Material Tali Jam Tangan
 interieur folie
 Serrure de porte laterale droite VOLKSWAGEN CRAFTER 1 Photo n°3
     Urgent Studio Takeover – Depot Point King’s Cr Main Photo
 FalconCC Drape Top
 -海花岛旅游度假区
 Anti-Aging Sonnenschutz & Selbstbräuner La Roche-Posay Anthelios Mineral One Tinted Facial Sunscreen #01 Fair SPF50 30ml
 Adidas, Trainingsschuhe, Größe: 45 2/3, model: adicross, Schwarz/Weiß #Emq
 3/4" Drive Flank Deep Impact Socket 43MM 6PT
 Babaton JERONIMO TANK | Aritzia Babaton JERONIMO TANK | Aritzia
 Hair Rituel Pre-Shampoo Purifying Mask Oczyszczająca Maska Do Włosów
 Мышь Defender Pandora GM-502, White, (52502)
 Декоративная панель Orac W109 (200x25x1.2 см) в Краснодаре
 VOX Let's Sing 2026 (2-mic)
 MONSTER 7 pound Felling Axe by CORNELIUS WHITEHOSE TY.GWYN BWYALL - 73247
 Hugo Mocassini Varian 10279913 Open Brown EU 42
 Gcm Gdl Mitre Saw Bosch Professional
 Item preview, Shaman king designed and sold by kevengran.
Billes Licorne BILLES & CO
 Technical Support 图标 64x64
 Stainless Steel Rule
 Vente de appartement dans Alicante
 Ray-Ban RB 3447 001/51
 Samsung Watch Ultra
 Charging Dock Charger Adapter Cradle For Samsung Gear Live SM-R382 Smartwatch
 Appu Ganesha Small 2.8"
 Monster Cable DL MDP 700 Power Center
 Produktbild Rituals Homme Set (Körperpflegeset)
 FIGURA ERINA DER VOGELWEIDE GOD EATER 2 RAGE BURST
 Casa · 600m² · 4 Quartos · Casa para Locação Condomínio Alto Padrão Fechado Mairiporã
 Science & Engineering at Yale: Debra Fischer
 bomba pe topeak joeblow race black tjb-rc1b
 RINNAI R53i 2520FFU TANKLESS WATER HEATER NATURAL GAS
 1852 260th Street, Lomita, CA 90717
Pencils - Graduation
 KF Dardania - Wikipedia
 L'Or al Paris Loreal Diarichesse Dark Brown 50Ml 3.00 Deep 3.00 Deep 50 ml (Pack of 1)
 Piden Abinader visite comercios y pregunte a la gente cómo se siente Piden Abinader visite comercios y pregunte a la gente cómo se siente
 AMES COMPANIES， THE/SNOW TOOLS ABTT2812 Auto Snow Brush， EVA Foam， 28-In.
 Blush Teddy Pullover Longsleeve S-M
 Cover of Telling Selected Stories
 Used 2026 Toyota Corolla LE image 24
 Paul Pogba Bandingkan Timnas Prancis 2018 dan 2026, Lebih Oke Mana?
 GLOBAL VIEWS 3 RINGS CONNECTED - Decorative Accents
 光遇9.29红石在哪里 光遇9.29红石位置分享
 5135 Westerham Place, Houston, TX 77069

===============

Work order
Only the lines from the beginning of the data above through the line containing "VOX Let's Sing 2026 (2-mic)" should be repeated, exactly as they appear.

Exercise response
Material Tali Jam Tangan
 interieur folie
 Serrure de porte laterale droite VOLKSWAGEN CRAFTER 1 Photo n°3
     Urgent Studio Takeover – Depot Point King’s Cr Main Photo
 FalconCC Drape Top
 -海花岛旅游度假区
 Anti-Aging Sonnenschutz & Selbstbräuner La Roche-Posay Anthelios Mineral One Tinted Facial Sunscreen #01 Fair SPF50 30ml
 Adidas, Trainingsschuhe, Größe: 45 2/3, model: adicross, Schwarz/Weiß #Emq
 3/4" Drive Flank Deep Impact Socket 43MM 6PT
 Babaton JERONIMO TANK | Aritzia Babaton JERONIMO TANK | Aritzia
 Hair Rituel Pre-Shampoo Purifying Mask Oczyszczająca Maska Do Włosów
 Мышь Defender Pandora GM-502, White, (52502)
 Декоративная панель Orac W109 (200x25x1.2 см) в Краснодаре
 VOX Let's Sing 2026 (2-mic)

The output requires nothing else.